Иной вопрос, так ли уж оно при этом слепо, если отбирает достойное, творя свой миф и оставляя человеку идеал — хотя бы в прошлом.
Камешки на берегу как разноцветные рыбки.
Прибой и ветерок заглушают музыку с проходящих мимо прогулочных катеров, так что до берега доносится только слабое ритмическое звяканье ударных.
По вечерам во всех окрестных ресторанах показывают турецкий народный танец живота.
Женщина в голубых шортах все торгуется в лавке, то уходя от заломившего за сережки цену продавца, то вновь возвращаясь к вожделенной витринке, не в силах сорваться с мысленно уже вдетого в ухо маленького золотого крючка.
Кемер — Анталья — Аланья.
Август 1994.
Памяти Арво Метса.
— Сыктыв-карр! Сыктыв-кар-рр!
А еще чуть подальше:
— Печор-р-ра!
Теперь я знаю, откуда прилетают к нам на зиму эти невзрачные серые птицы.
Они прилетают из окруженного болотами и рассованными по лесам лагерями вечноссыльного города, упирающегося Коммунистическим проспектом в низенький вокзал с единственной круглой башенкой под непомерным острым шпилем — как воспоминание о безнадежно далекой Петропавловской игле.
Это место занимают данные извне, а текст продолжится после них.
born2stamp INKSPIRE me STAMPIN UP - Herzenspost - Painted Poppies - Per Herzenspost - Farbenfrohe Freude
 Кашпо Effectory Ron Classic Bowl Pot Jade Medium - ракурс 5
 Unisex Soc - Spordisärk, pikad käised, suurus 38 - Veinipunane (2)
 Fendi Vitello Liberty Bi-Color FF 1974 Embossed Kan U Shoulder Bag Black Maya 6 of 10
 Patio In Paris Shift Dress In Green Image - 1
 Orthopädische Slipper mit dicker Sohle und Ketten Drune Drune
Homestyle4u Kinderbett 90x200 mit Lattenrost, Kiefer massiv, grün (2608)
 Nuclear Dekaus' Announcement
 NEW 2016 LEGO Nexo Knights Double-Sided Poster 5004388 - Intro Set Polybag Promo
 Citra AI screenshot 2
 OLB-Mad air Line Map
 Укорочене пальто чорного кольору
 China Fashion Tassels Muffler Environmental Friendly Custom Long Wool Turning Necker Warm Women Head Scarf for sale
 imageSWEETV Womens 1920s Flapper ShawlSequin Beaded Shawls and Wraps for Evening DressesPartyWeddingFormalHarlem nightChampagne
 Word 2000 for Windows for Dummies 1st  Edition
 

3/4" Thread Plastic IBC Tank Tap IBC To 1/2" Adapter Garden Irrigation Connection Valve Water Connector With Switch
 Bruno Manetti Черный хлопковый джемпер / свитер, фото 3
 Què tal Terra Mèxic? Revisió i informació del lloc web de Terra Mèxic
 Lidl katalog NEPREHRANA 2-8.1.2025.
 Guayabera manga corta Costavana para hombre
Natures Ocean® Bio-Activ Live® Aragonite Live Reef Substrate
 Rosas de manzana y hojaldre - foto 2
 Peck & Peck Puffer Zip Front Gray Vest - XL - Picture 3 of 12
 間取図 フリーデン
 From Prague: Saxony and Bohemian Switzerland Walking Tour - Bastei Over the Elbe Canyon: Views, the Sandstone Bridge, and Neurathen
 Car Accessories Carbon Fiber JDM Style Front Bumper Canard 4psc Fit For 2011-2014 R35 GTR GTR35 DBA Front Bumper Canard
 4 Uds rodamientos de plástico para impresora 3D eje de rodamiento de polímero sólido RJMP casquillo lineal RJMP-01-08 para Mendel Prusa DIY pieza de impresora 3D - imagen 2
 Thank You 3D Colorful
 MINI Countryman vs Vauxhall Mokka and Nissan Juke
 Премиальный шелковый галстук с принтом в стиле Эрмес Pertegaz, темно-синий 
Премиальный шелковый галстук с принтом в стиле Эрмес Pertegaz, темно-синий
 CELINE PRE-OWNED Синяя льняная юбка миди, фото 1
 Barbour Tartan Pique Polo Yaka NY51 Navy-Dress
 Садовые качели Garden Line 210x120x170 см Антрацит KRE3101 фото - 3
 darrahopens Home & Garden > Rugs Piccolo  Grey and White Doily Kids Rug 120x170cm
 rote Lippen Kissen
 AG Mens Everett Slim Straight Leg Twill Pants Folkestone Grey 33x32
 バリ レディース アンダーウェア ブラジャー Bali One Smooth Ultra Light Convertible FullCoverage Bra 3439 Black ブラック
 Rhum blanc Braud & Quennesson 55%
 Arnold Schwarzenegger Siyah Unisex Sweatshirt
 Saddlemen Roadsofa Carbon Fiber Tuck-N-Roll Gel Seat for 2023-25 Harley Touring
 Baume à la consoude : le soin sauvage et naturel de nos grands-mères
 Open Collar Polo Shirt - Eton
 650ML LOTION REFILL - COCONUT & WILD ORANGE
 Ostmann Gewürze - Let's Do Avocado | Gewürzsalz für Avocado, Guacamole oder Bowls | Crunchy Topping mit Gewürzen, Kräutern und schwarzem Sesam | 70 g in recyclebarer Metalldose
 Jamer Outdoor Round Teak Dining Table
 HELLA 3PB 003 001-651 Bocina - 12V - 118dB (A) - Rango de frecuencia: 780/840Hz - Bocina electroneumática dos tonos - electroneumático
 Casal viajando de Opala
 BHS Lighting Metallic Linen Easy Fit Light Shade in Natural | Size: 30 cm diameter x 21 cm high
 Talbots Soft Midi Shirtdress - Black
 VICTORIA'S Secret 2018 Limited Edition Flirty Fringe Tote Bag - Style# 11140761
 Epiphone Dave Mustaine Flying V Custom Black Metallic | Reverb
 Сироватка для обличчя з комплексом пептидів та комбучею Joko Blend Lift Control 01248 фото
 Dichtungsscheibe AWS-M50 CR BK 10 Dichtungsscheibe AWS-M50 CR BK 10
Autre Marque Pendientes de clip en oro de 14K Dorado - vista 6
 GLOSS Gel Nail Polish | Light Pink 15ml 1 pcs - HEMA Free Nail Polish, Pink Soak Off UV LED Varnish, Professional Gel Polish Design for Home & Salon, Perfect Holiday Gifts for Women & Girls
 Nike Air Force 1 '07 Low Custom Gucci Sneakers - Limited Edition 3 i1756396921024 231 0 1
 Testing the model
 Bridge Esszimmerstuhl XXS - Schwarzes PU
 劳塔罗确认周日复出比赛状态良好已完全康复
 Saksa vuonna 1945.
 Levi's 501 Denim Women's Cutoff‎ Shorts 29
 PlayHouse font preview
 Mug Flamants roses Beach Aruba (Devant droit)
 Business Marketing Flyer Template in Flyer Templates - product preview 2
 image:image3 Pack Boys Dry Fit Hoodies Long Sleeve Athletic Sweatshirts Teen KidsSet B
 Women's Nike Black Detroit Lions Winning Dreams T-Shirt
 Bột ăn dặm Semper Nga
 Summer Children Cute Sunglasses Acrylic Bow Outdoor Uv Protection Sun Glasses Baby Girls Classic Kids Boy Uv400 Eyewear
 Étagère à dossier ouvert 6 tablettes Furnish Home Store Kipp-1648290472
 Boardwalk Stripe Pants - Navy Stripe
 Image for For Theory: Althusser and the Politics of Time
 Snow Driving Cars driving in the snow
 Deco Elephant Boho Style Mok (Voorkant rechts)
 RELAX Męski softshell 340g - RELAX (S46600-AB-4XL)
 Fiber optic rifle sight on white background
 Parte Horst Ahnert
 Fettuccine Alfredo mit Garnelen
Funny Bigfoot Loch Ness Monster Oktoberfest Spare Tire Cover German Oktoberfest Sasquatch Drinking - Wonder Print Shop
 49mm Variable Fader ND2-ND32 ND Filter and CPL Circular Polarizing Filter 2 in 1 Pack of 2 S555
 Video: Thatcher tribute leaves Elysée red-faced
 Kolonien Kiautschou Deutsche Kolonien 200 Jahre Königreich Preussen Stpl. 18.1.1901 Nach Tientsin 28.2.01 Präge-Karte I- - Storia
Туда добираешься черт знает сколько времени.
Давно миновал запавший в душу вокзал в Ярославле, выстроенный в том приподнятом южном стиле, с аркадами и гроздьями молочных фонарей, что так любили в сталинские времена и что всего более подходит для торжественных встреч под оркестр.
Поезд, спотыкаясь, взбирался на мосты, переваливал через речки, обгонял мутноглазые короткие электрички.
Окрестности все мельчали, теряя краски.
А дорога все длилась.
К счастью, я путешествовал не один.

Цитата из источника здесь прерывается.